ASSIGNMENT: Print the data below again in full, exactly as it stands, with no images.

(Captioned web images)
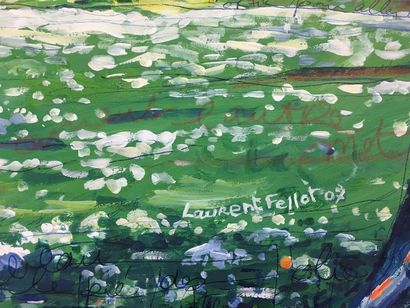 null Laurent FELLOT
Arbre et paysage sur carton
Signé
44 x 65 cm
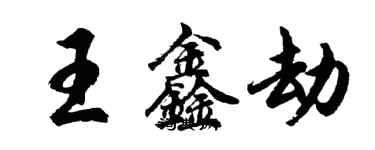 胡問遂王鑫劫行書個性簽名怎么寫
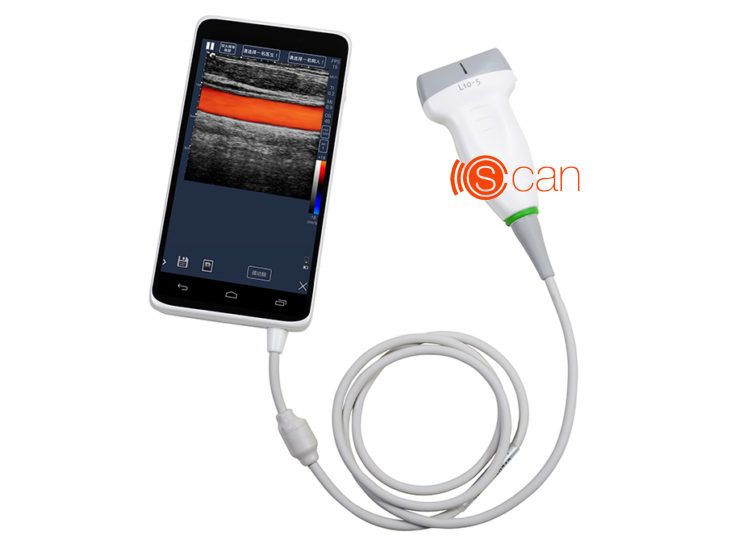 Meditech C-Scan Handheld Touch Screen Color Ultrasound Scanner Medical Supply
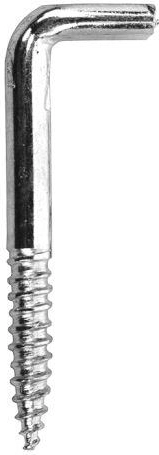 Kljuka z navojem s ploskim utorom, pocinkana, 80 mm (100 kos)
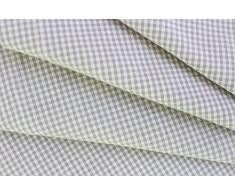 LINUM 4er Set Stoffservietten PETITE G15 grau und weiß kariert 45cm x 45cm Minikaro, Serviette, Tischserviette, Tischtextilien, 100% Baumwolle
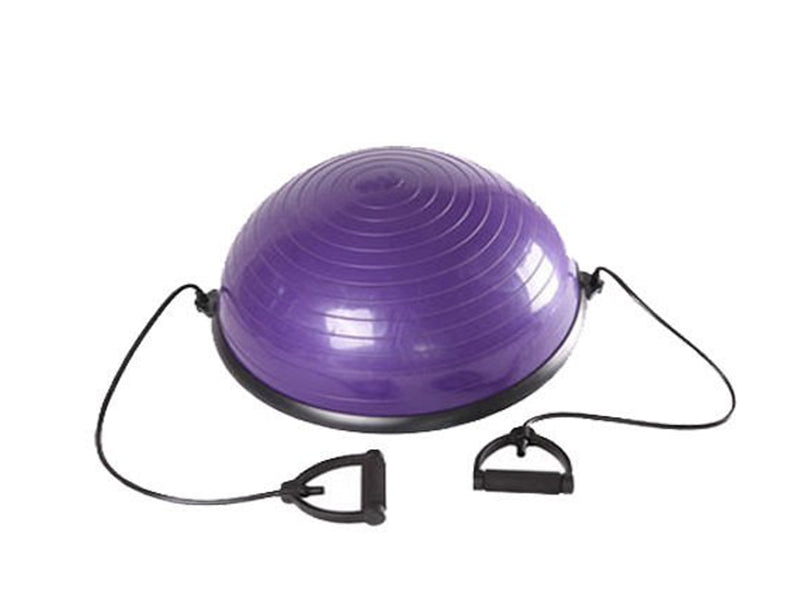 Trainer Exercise Yoga Half Balance Ball With Resistance Bands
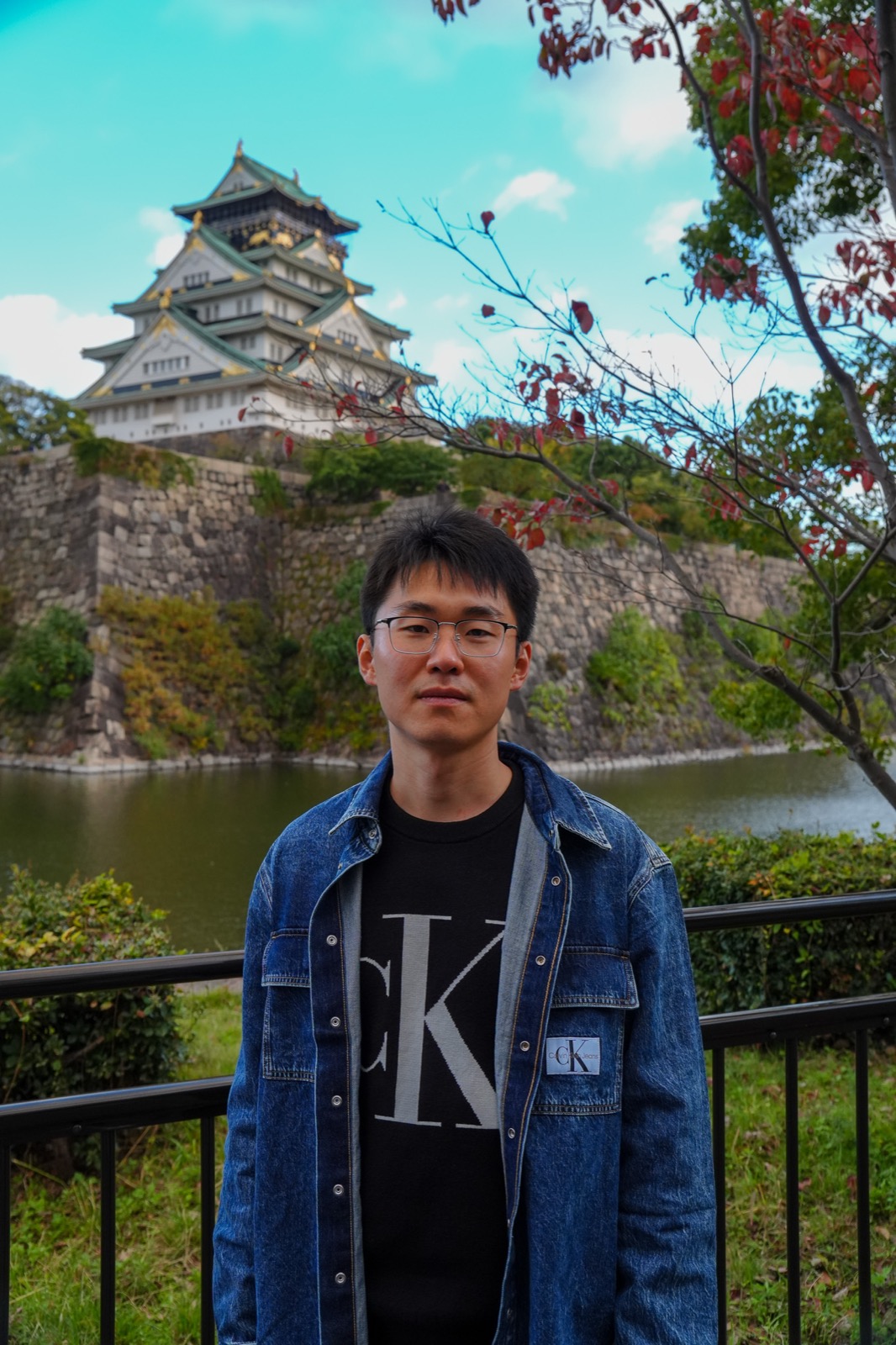Osaka Castle rising above its grounds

TASK SOLUTION:
 null Laurent FELLOT
Arbre et paysage sur carton
Signé
44 x 65 cm
 胡問遂王鑫劫行書個性簽名怎么寫
 Meditech C-Scan Handheld Touch Screen Color Ultrasound Scanner Medical Supply
 Kljuka z navojem s ploskim utorom, pocinkana, 80 mm (100 kos)
 LINUM 4er Set Stoffservietten PETITE G15 grau und weiß kariert 45cm x 45cm Minikaro, Serviette, Tischserviette, Tischtextilien, 100% Baumwolle
 Trainer Exercise Yoga Half Balance Ball With Resistance Bands
Osaka Castle rising above its grounds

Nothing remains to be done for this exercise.